After the input image is divided into a plurality of meshes in operation S120, the plurality of meshes may be divided into a first detection zone for estimating the vanishing point or roll of the camera and a second detection zone for estimating the roll of the camera in S130.

According to an example, in operation S130, the plurality of meshes may be divided into the first detection zone and the second detection zone based on the vanishing point calculated with the design value of the camera, a vanishing line calculated with the design value of the camera, and a vanishing line threshold preset based on the vanishing line. The vanishing point may be determined using internal and external parameters based on a camera geometry.

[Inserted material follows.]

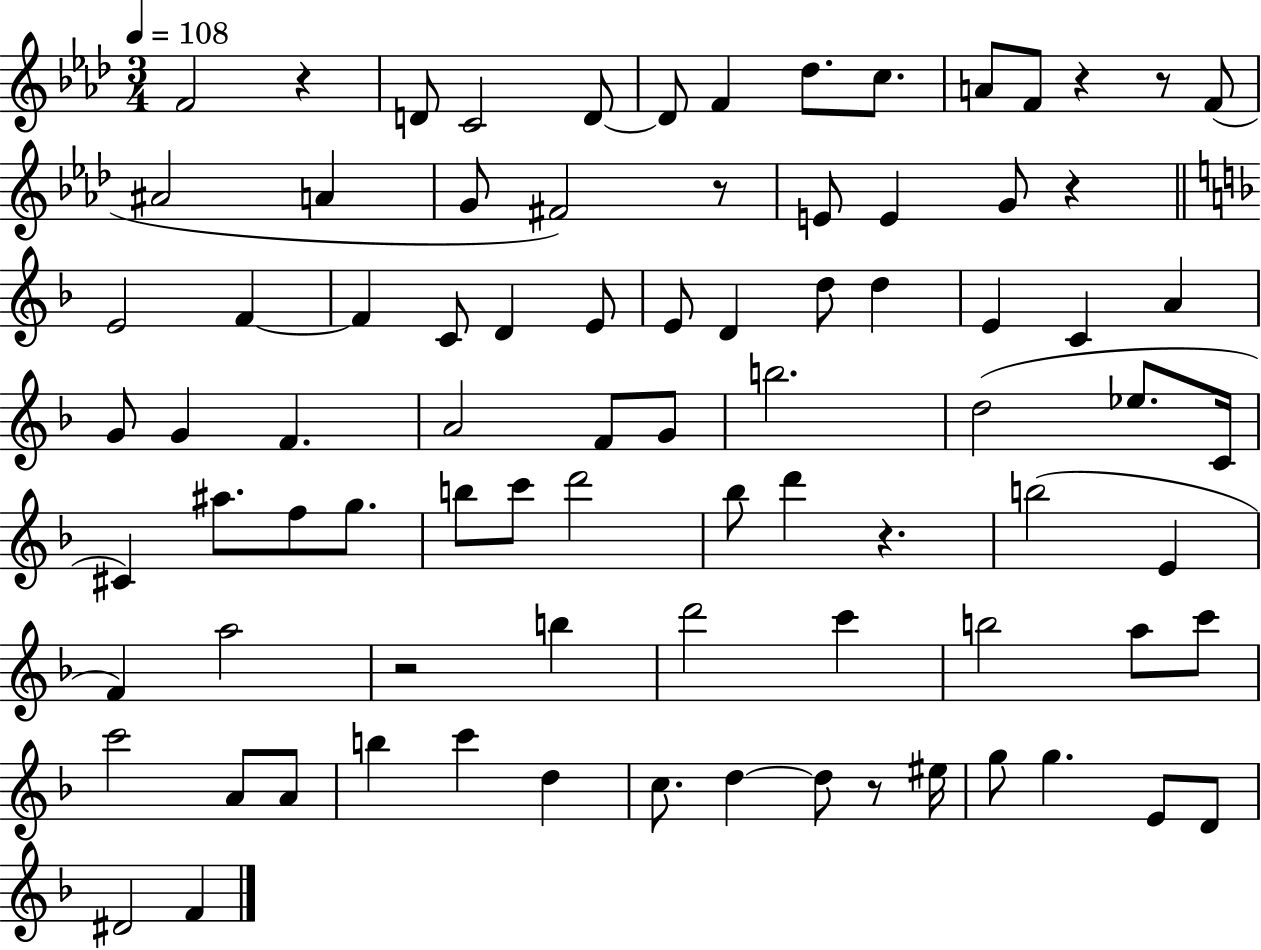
F4/h R/q D4/e C4/h D4/e D4/e F4/q Db5/e. C5/e. A4/e F4/e R/q R/e F4/e A#4/h A4/q G4/e F#4/h R/e E4/e E4/q G4/e R/q E4/h F4/q F4/q C4/e D4/q E4/e E4/e D4/q D5/e D5/q E4/q C4/q A4/q G4/e G4/q F4/q. A4/h F4/e G4/e B5/h. D5/h Eb5/e. C4/s C#4/q A#5/e. F5/e G5/e. B5/e C6/e D6/h Bb5/e D6/q R/q. B5/h E4/q F4/q A5/h R/h B5/q D6/h C6/q B5/h A5/e C6/e C6/h A4/e A4/e B5/q C6/q D5/q C5/e. D5/q D5/e R/e EIS5/s G5/e G5/q. E4/e D4/e D#4/h F4/q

For example, as shown in FIG. 3, in operation S130, a vanishing line 320 calculated with the design value of the camera that passes through a vanishing point 310 calculated with the design value of the camera, a vanishing line 340 rotated by 90 degrees, and the meshes between two vanishing line threshold values 330 through the vanishing line threshold value 330 may be divided into the second detection zone, and the remaining meshes may be divided into the first detection zone. In FIG. 3, the meshes in an upper region among the meshes between the vanishing line 340 rotated by 90 degrees and the threshold value may be excluded from the second detection region for estimating the roll. This may be because a flow vector found at the vanishing point in a sky region of the image exists and there is no information to find the role.

After the first detection area for estimating the vanishing point or roll and the second detection area for estimating the roll are divided in operation S130, the representative feature of the input image may be extracted by using a filter generated in advance for each divided region, that is, each mesh in S140.

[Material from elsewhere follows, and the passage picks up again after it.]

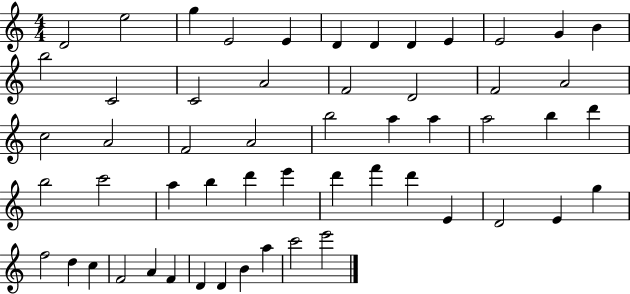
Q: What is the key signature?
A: C major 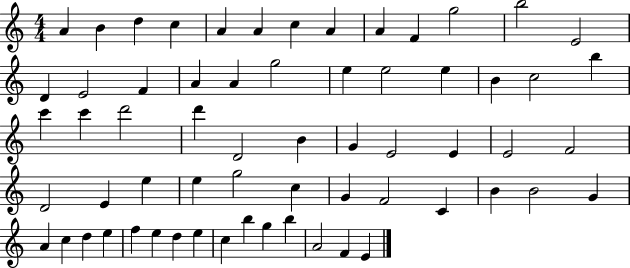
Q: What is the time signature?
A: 4/4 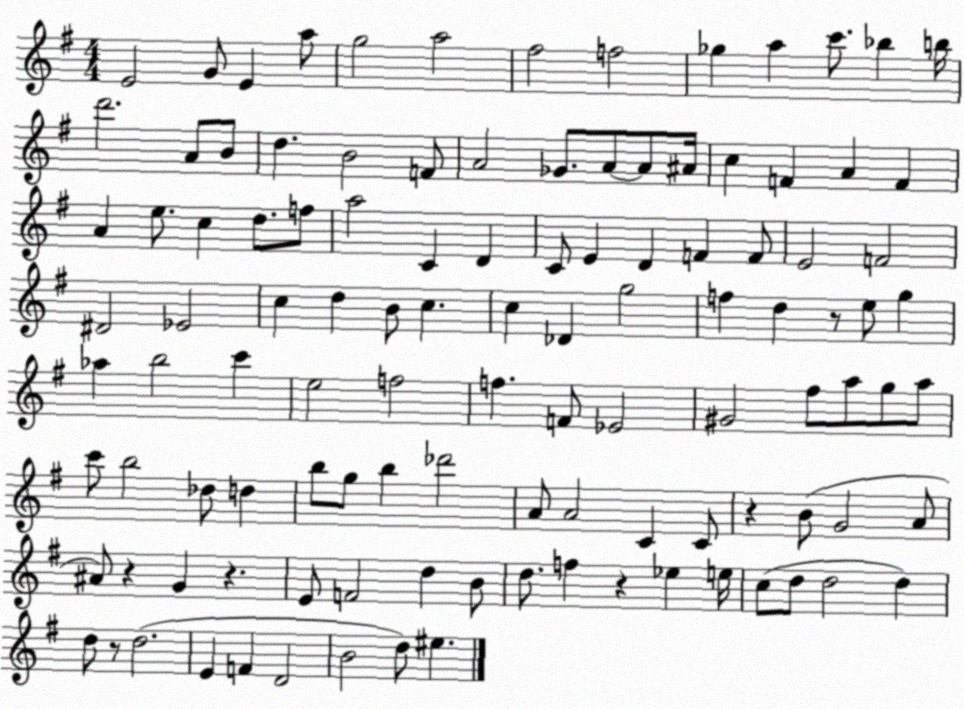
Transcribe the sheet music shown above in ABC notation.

According to an example, in operation S140, the features corresponding to the filter, for example, edges (or straight lines) may be detected by using the edges detected for the input image and the filter of each mesh, and the representative feature for estimating the vanishing point and roll of the camera may be extracted based on the detected features and the design value of the camera, for example, the vanishing point and roll calculated using the design value of the camera.

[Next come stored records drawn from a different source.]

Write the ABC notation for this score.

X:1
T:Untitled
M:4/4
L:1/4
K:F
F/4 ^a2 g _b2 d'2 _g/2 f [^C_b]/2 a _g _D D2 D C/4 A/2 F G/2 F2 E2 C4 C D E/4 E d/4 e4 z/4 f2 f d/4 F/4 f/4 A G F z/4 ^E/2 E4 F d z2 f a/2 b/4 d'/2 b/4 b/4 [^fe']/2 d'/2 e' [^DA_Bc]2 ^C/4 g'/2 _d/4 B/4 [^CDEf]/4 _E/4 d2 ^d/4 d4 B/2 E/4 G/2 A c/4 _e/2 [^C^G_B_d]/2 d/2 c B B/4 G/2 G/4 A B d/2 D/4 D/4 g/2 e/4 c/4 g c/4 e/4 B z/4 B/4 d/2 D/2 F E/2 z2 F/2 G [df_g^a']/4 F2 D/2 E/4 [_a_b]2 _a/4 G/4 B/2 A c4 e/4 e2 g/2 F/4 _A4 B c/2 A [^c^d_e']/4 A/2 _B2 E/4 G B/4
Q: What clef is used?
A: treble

As shown in FIG. 5, the filter of each mesh applied in operation S140 may be one of a filter generated based on the vanishing point calculated with the design value of the camera and a filter generated based on a horizontal line. Describing FIG. 5 with an example, a filter 510 generated based on the horizontal line may be applied to each of the horizontal meshes and vertical meshes in a certain region based on the vanishing point 310 calculated with the design value, and a filter 520 generated based on the vanishing point may be applied to the remaining regions. Although the filter 520 generated based on the vanishing point in FIG. 5 includes a filter including a plurality of straight lines, this is for explaining that it may be a filter including a straight line passing through the vanishing point. In fact, the vanishing point-based filter may include one straight line passing through the center point of each mesh.

In other words, in operation S140, among the edges existing in each mesh, the edge corresponding to the filter of the mesh may be detected as features corresponding to the filter, and the representative feature may be extracted from the detected features.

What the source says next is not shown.